The House judiciary committee voted along party lines Friday to approve two articles of impeachment, charging President Donald Trump with abuse of power and obstruction of Congress.
In an expected outcome, the Democratic-held committee voted 23-17 to approve each of the two counts. The vote shifts the impeachment articles to the full House for a vote next week.
The charges were contained in a nine-page resolution charging Trump with two offenses stemming from Trump's pressing the Ukraine government to investigate Democratic presidential candidate Joe Biden and his son, Hunter Biden, a former board member at Ukrainian gas company Burisma.
The first says the president leveraged a White House meeting for Ukrainian President Volodymyr Zelensky and hundreds of millions of dollars in military aid to pressure Kiev into launching the investigations.
The second says Trump stonewalled Congress by ordering witnesses in his administration to defy subpoenas for documents and testimony as a part of the inquiry.
The White House condemned the vote Friday as "shameful."
"This desperate charade of an impeachment inquiry in the House judiciary committee has reached its shameful end," White House press secretary Stephanie Grisham said in a statement. "The president looks forward to receiving in the Senate the fair treatment and due process which continues to be disgracefully denied to him by the House."
The judiciary committee reconvened Friday morning after a marathon 14-hour session Thursday, which ended with Democrats postponing the vote. Committee chairman Jerold Nadler called a halt to the proceedings over the objections of minority Republicans after 11 p.m.
The move to adjourn brought outcries from Republicans, with ranking minority member Rep. Doug Collins saying he was not consulted and calling the committee session "a kangaroo court."
"The chairman's integrity is gone," he told reporters after the recess, saying Nadler's committee is "more concerned with being on TV in the morning than it was in finishing its job tonight and letting the members go home."
Democrats contended the recess was justified, saying it was important the actual impeachment vote be done "in the light of day" after so many hours of debate and voting down Republican efforts to dismiss the charges.

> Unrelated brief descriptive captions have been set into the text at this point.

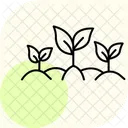 Grunes Blattfeld Symbol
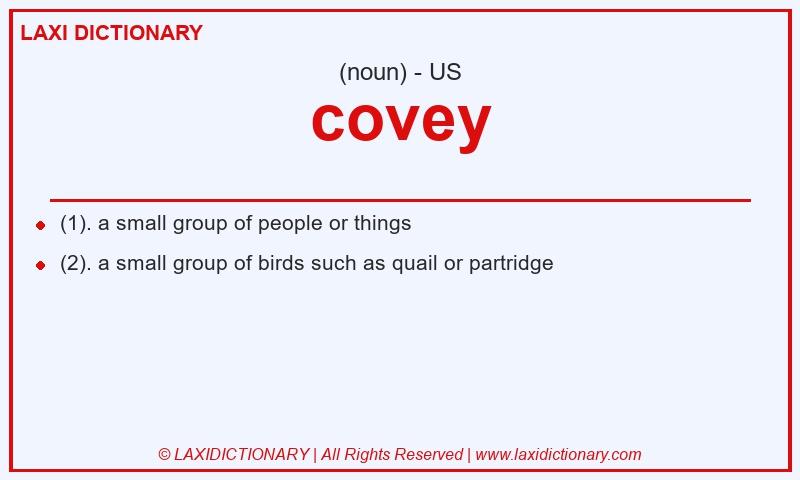 Definition covey in American English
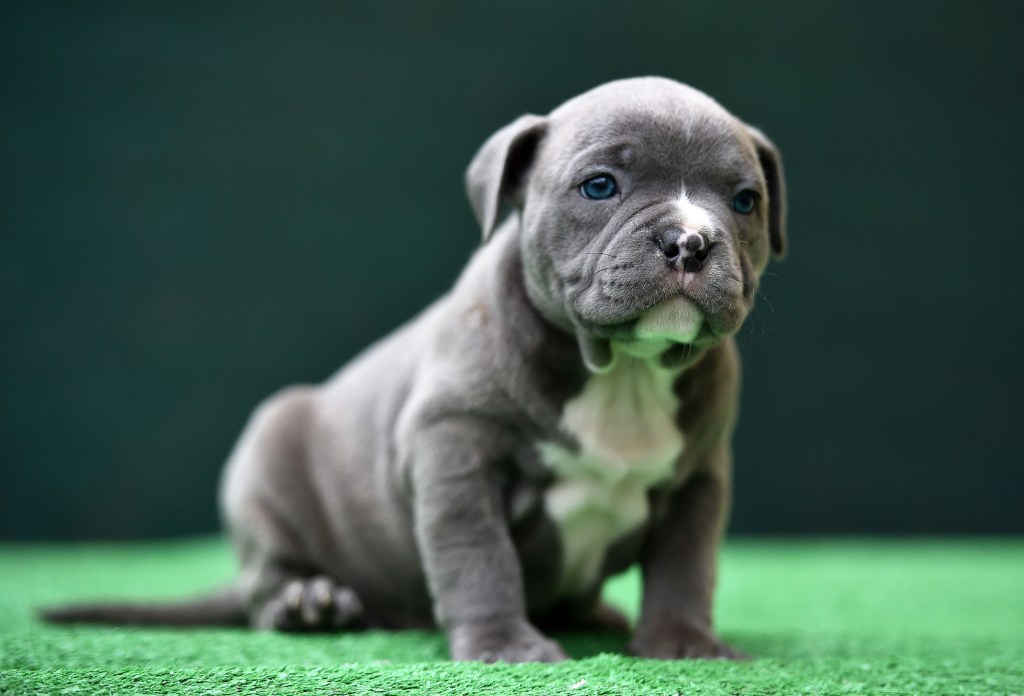 Little Pocket American Bully.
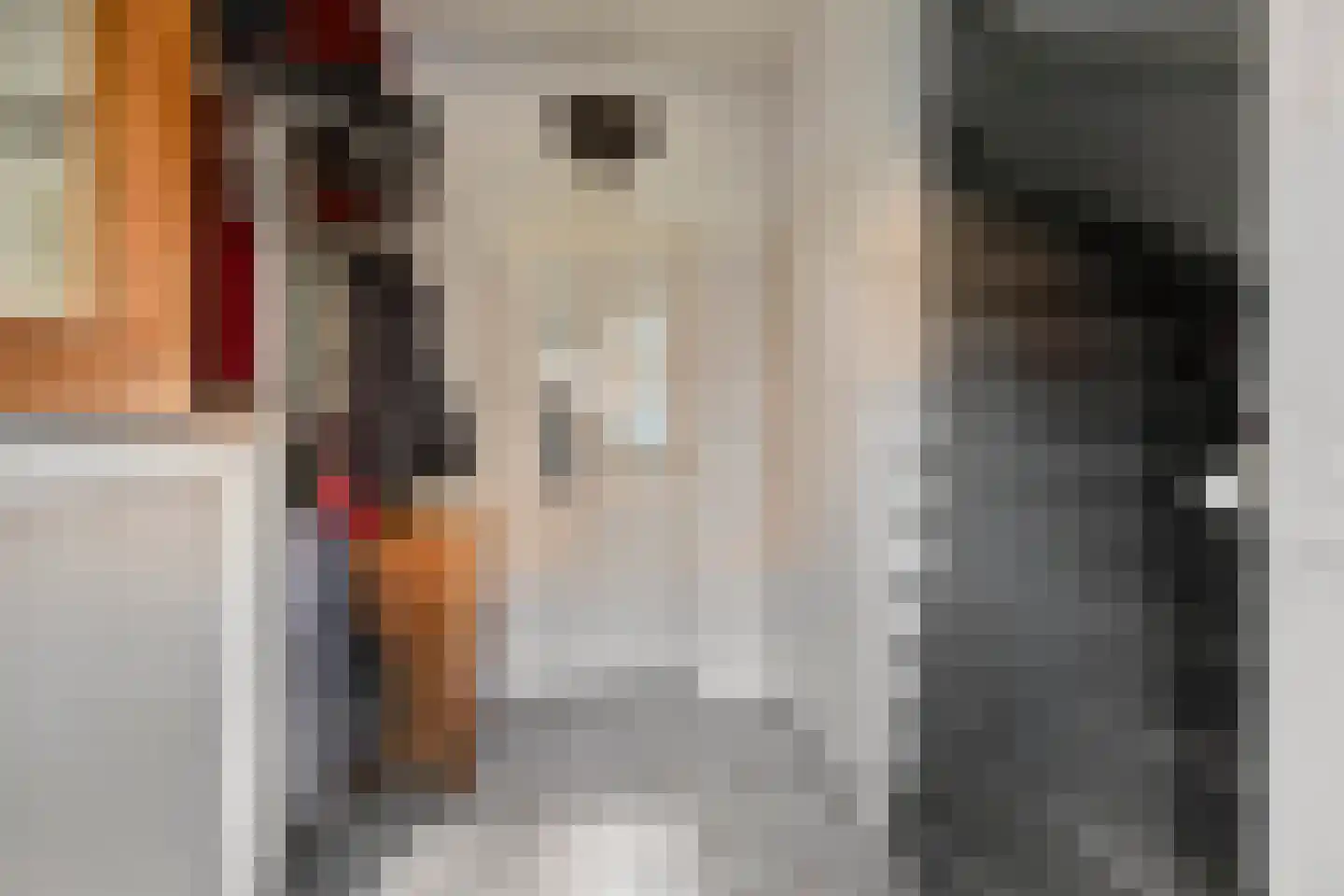 Drossard Meijerstraat 33 Gemert thumbnail 12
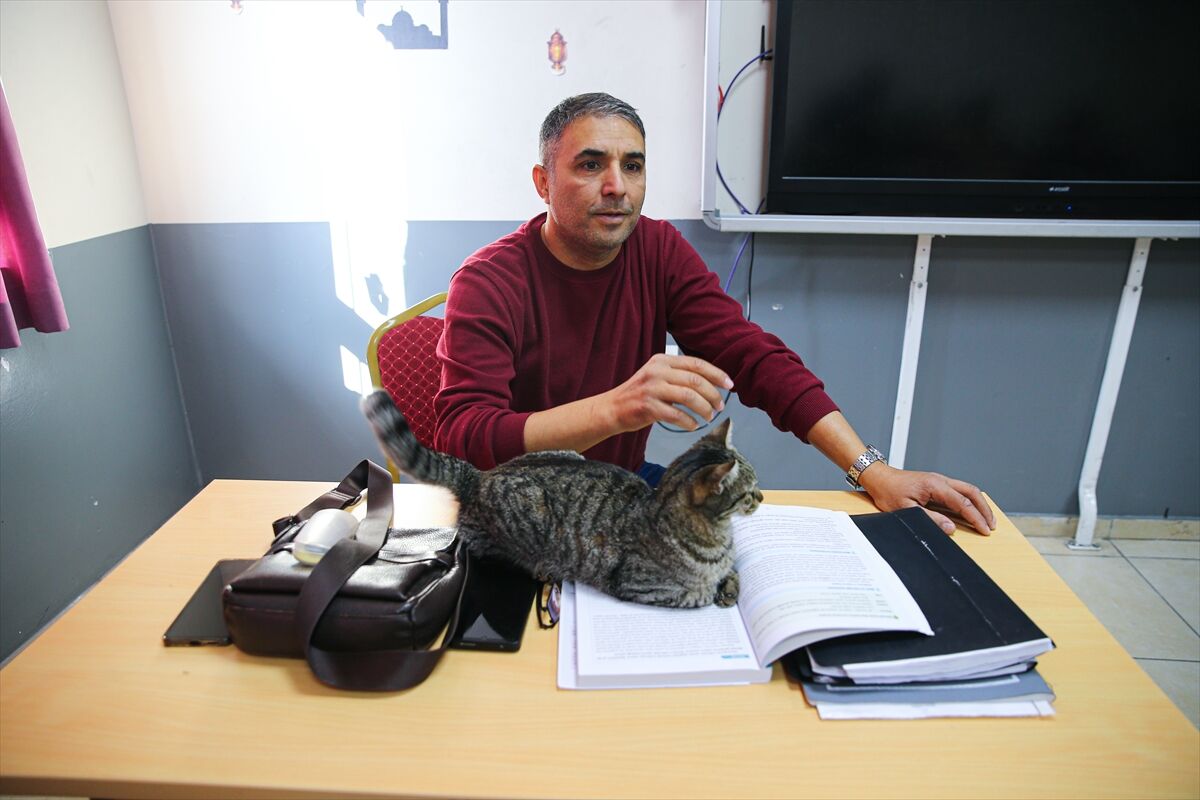 A A 20260306 40746809 40746805 L I S E L I L E R L E D E R S E G I R E N K E D I P A K I Z E O K U L U N 470 I N C I O G R E N C I S I O L D U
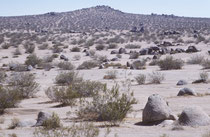 Auf der Fahrt vom Joshua Tree NP zum Death Valley Nationalpark durchquerten wir einmal mehr trockenes, heisses Wüstengebiet.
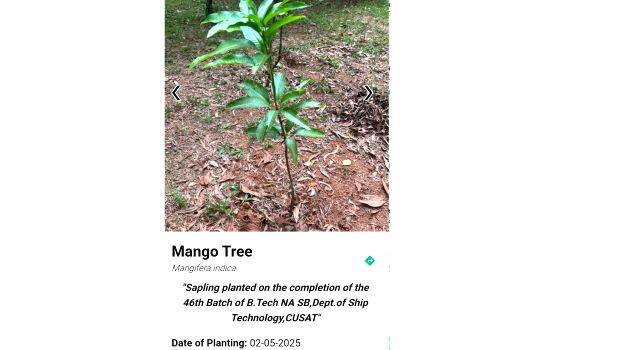tree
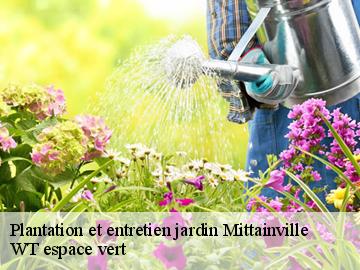 Plantation et entretien jardin mittainville-78125 WT espace vert
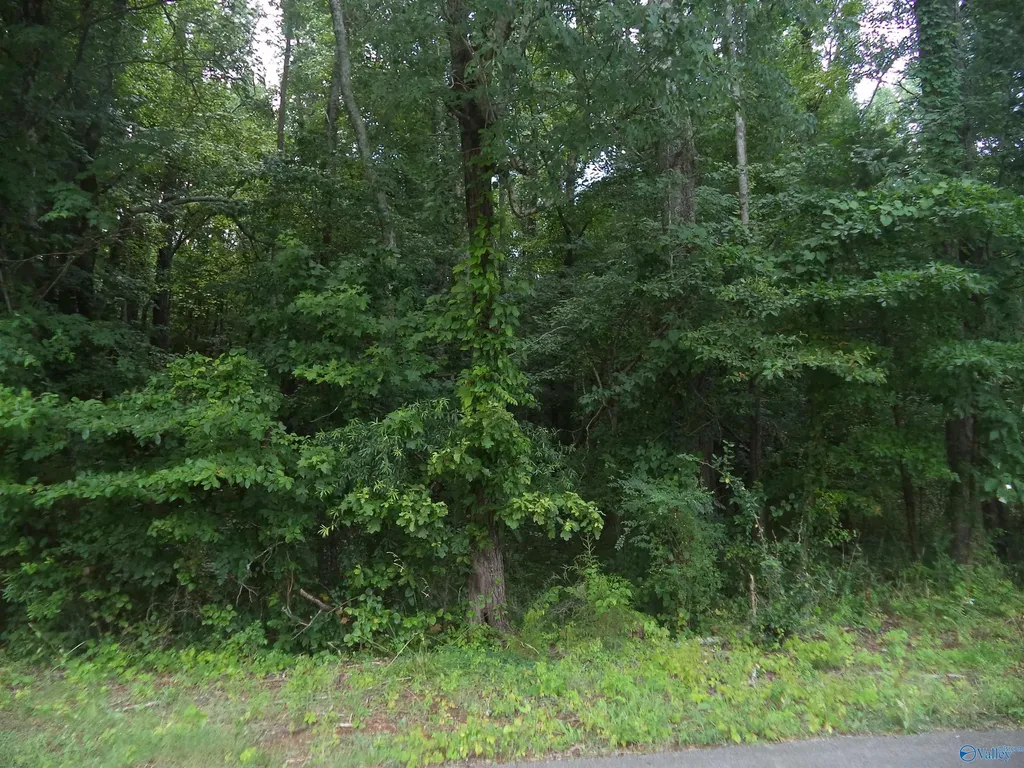 Lot 26 Cottonwood Drive Hazel Green AL 35750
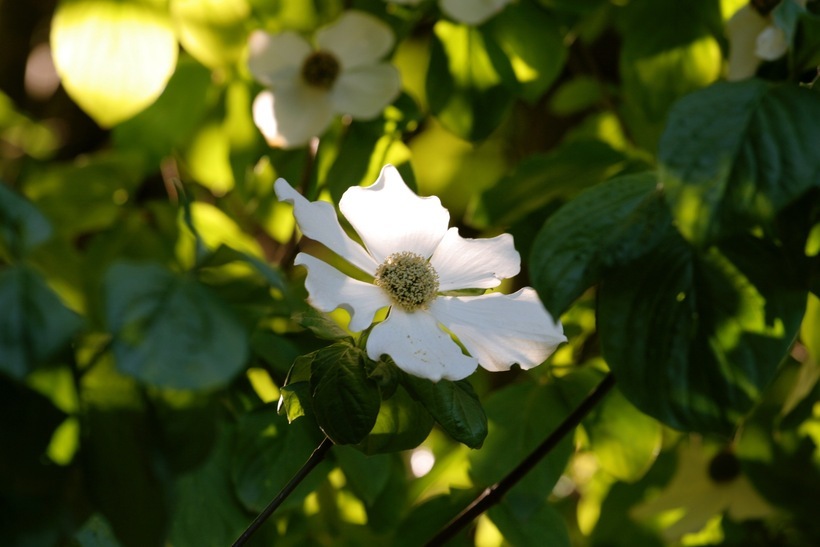 Image of Pacific dogwood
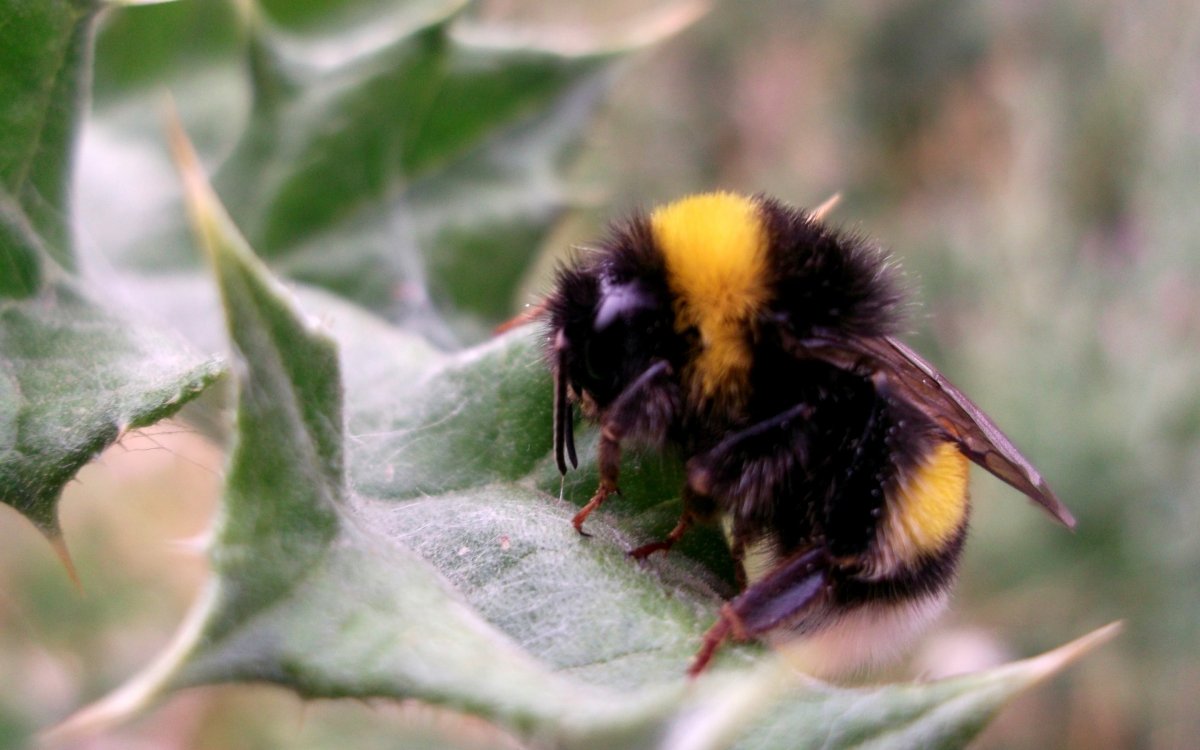 Милый Шмель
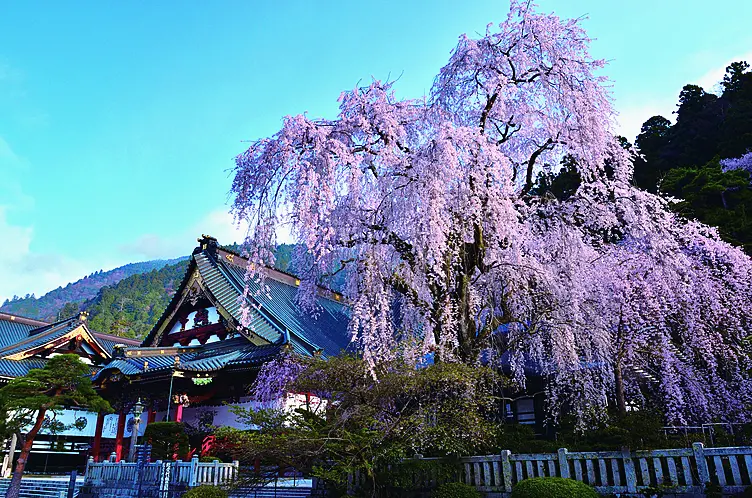 桜とお寺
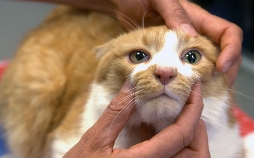 Die Tierärzte - Retter mit Herz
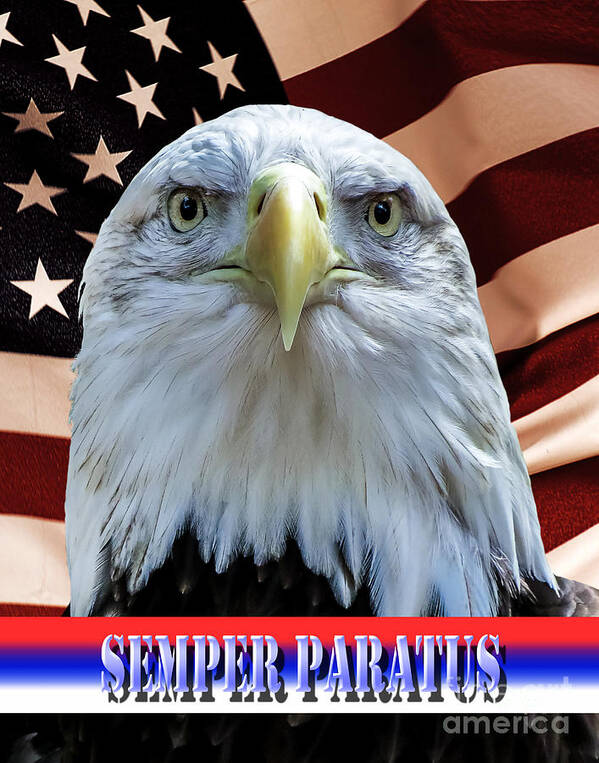 Semper Paratus Poster featuring the photograph Semper Paratus by Ken Frischkorn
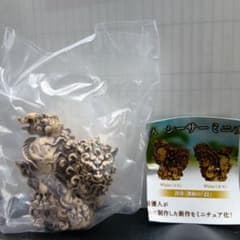 やちむん家 新垣優 シーサー ミニチュアフィギュア 白のサムネイル
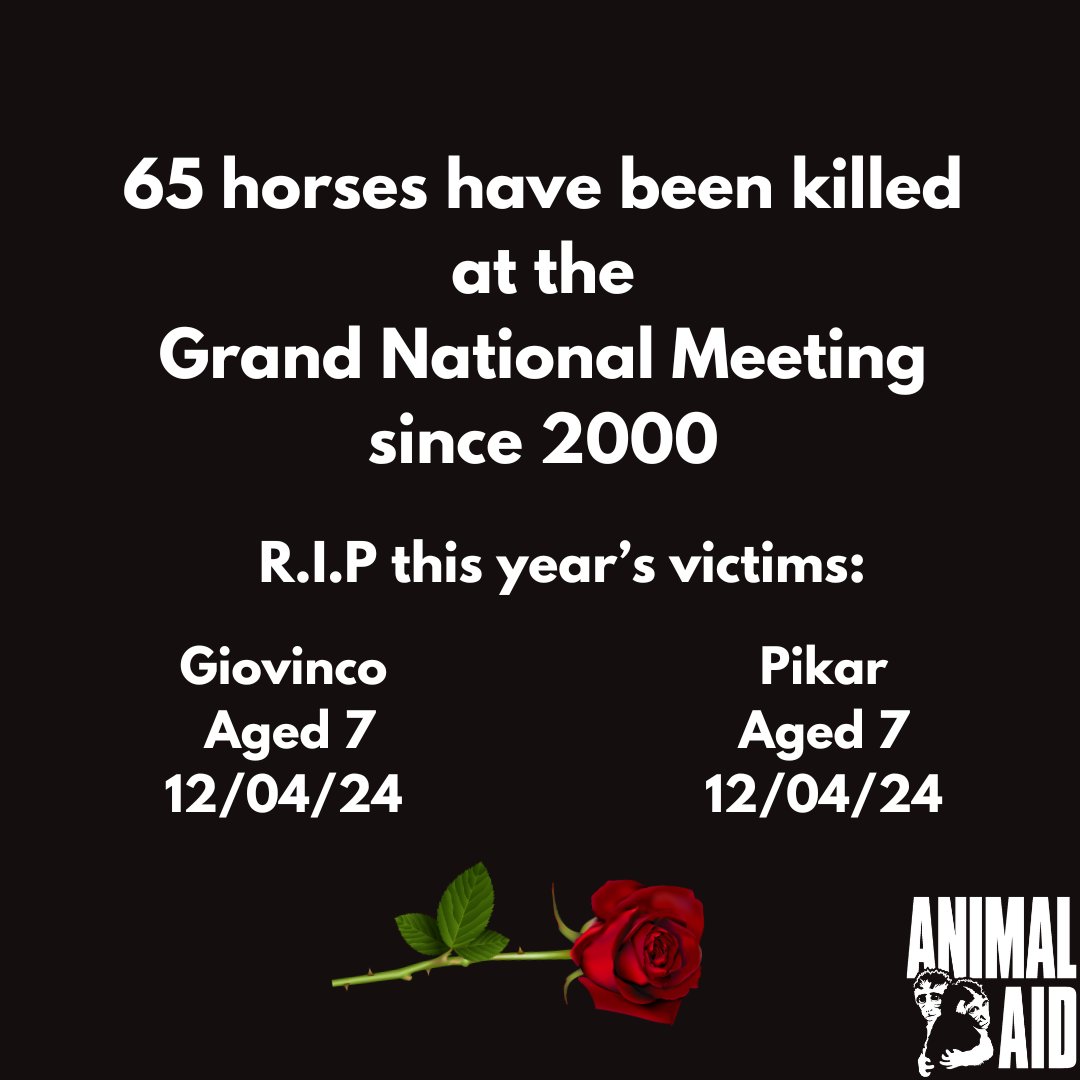 💔 R.I.P to every victim of the Grand National Meeting. #YouBetTheyDie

"We weren't sure if [Republicans] had more amendments, they wouldn't tell us that," said Rep. Madeleine Dean, D-Pa. "And what the chairman's spirit was: We want to make sure we do this in the light of day. We don't want to vote on such an important article, or articles, that matter to the American people [and] to this president, in the late of night."
The committee voted Thursday against four Republican amendments, all on 23-17 party-line votes, including efforts to strike each of the two articles of impeachment, for abuse of power and obstruction of Congress.